GIVEN DATA:

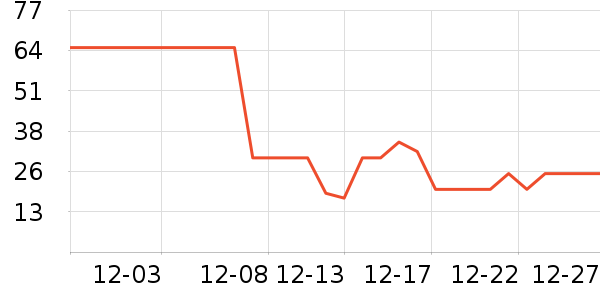 ������������ʷ�۸�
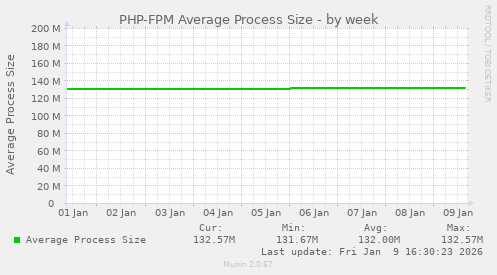 PHP-FPM Average Process Size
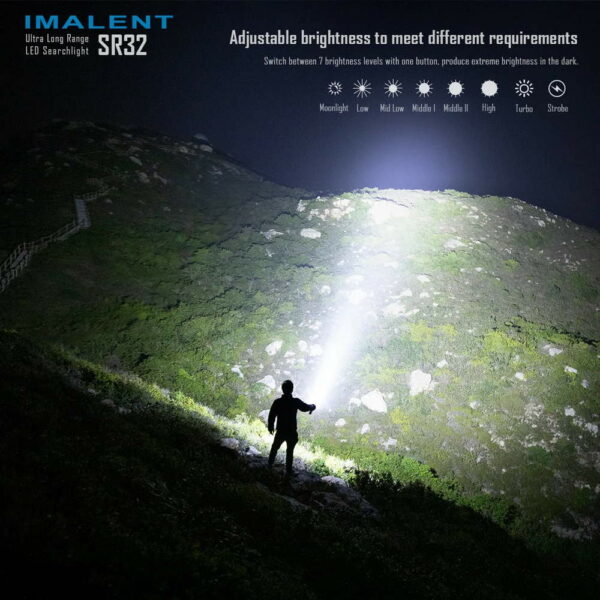 IMALENT SR32 - Suchscheinwerfer mit 32x XHP50.3 LEDs bis zu 120.000 Lumen – Bild 16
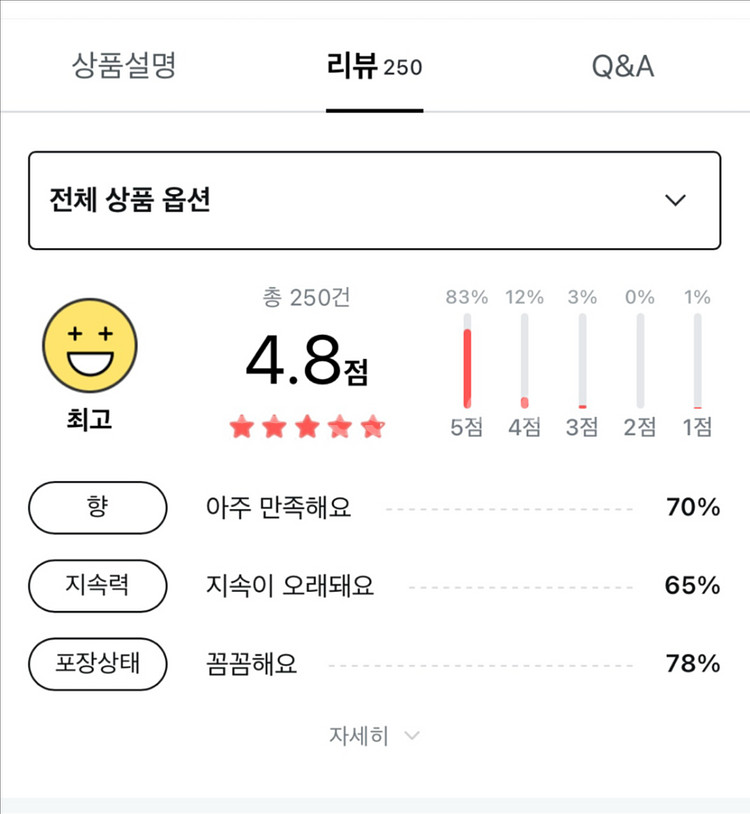 급쳐!!:1번 사용) 그레이그라운드 메디나 향수50ml--8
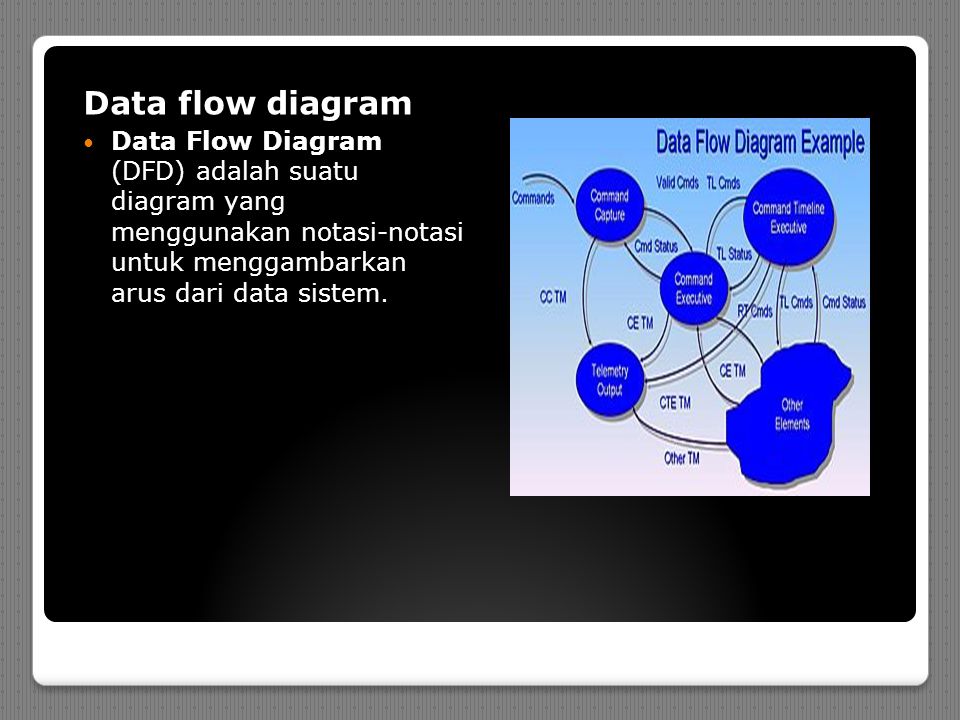 Data flow diagram Data Flow Diagram (DFD) adalah suatu diagram yang menggunakan notasi-notasi untuk menggambarkan arus dari data sistem.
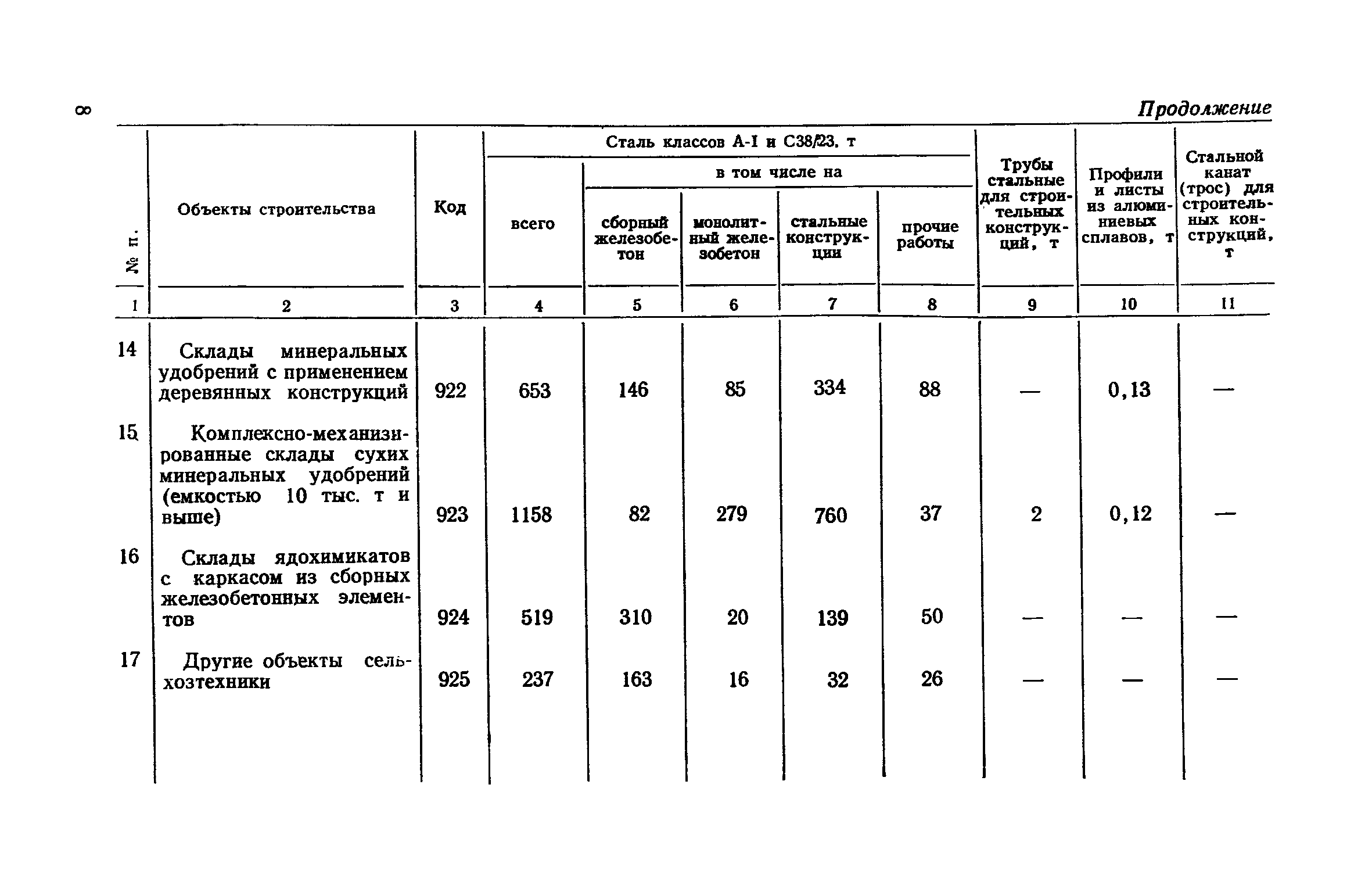 СН 503-78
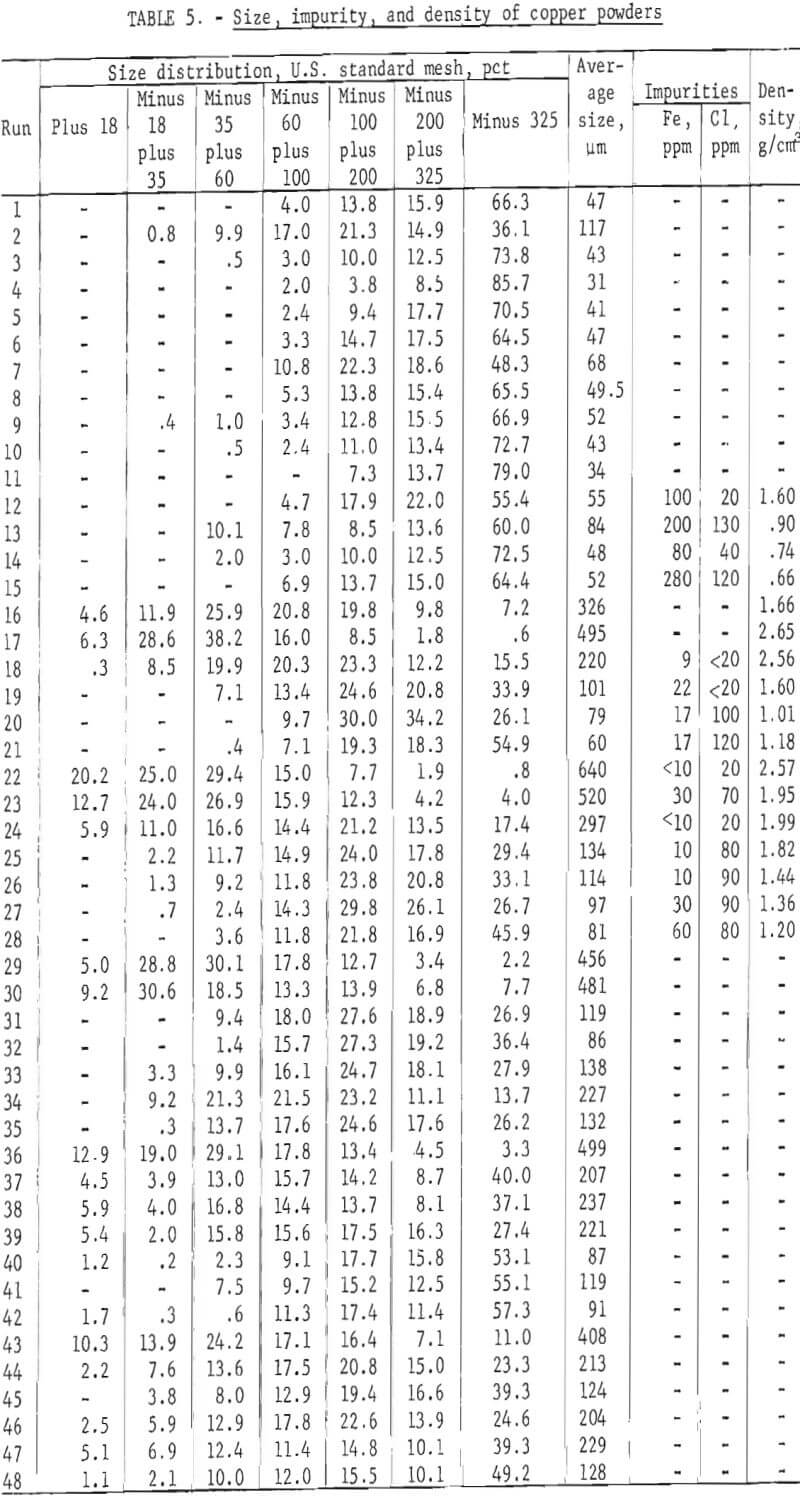 electrowinning of copper density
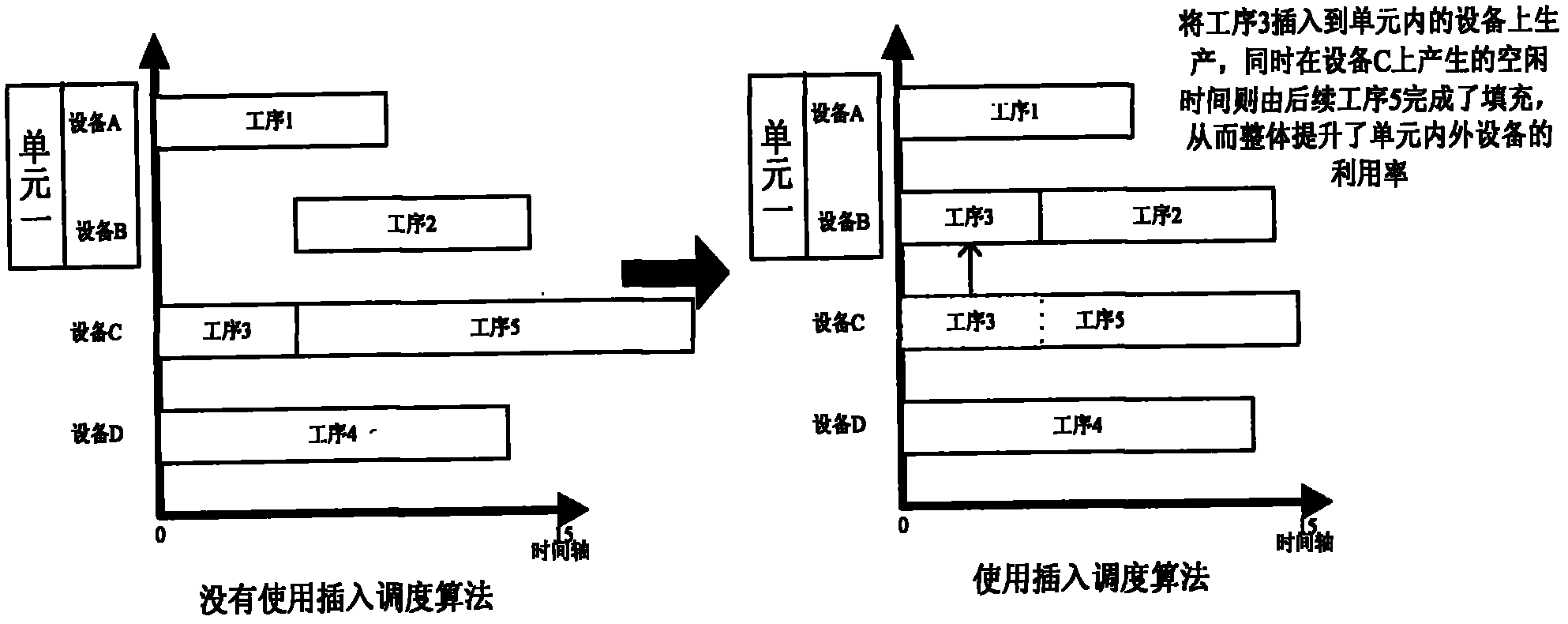 Discrete procedure inserting and dispatching method in mixed line production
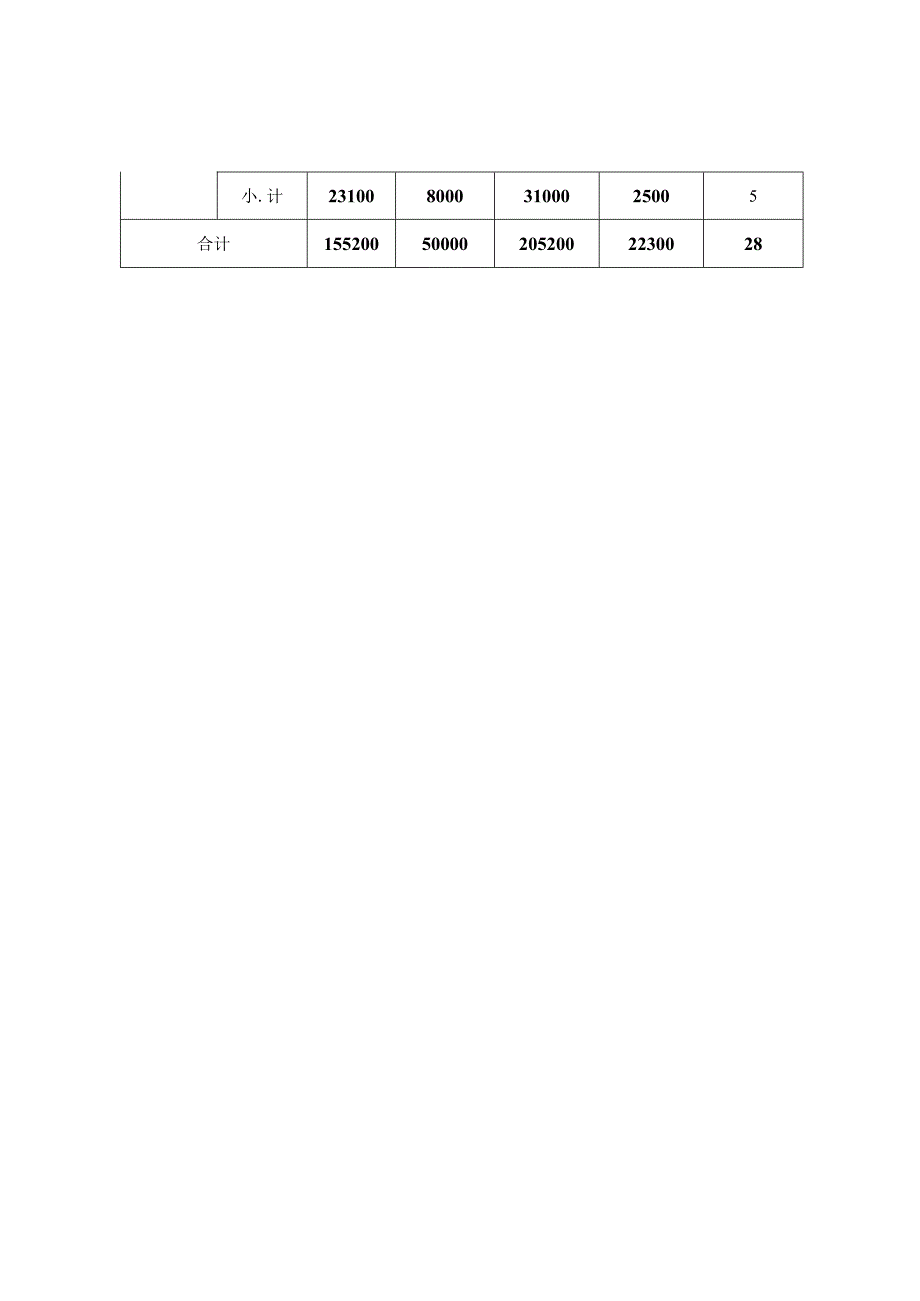 特色产业示范带建设任务分解表中药材.docx_第2页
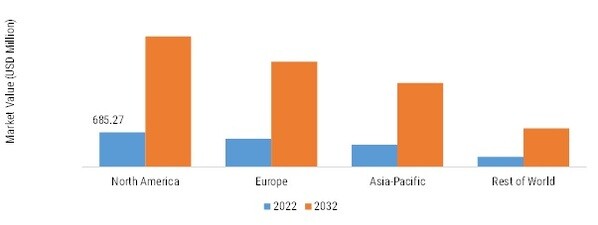 DATA MANAGEMENT PLATFORMSMARKET SIZE (USD MILLION) REGION 2022 VS 2032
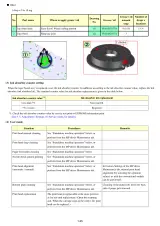 Canon Pixma MP600 / MP600R Service Manual (P/N QM3-0250-000) – preview page 6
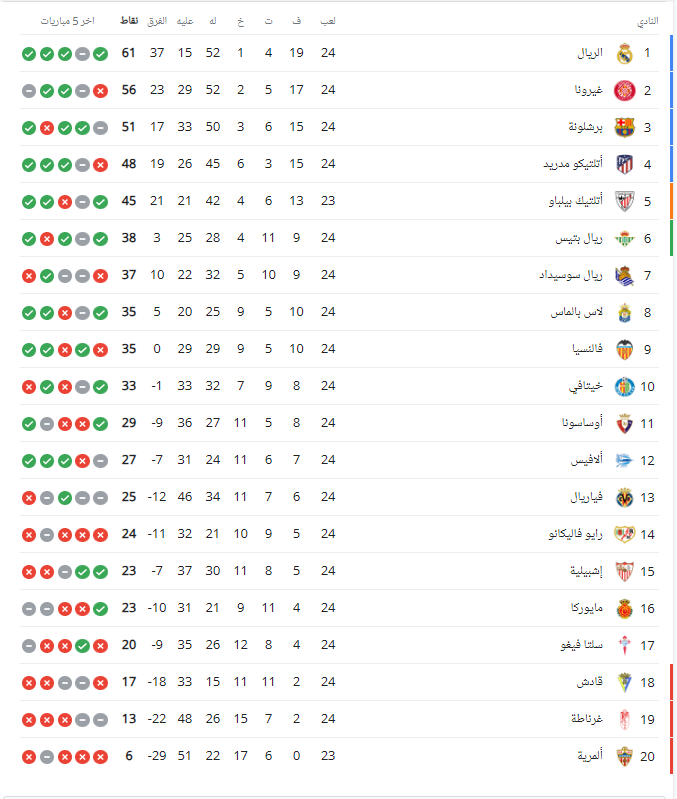 جدول صدارة البطولة الاسبانية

THE TASK: Could you transcribe exactly the entries above, but only the lines from the one with "IMALENT SR32 - Suchscheinwerfer" through the one with "Canon Pixma MP600", and without pictures?

OUTPUT FOR THIS EXERCISE:
 IMALENT SR32 - Suchscheinwerfer mit 32x XHP50.3 LEDs bis zu 120.000 Lumen – Bild 16
 급쳐!!:1번 사용) 그레이그라운드 메디나 향수50ml--8
 Data flow diagram Data Flow Diagram (DFD) adalah suatu diagram yang menggunakan notasi-notasi untuk menggambarkan arus dari data sistem.
 СН 503-78
 electrowinning of copper density
 Discrete procedure inserting and dispatching method in mixed line production
 特色产业示范带建设任务分解表中药材.docx_第2页
 DATA MANAGEMENT PLATFORMSMARKET SIZE (USD MILLION) REGION 2022 VS 2032
 Canon Pixma MP600 / MP600R Service Manual (P/N QM3-0250-000) – preview page 6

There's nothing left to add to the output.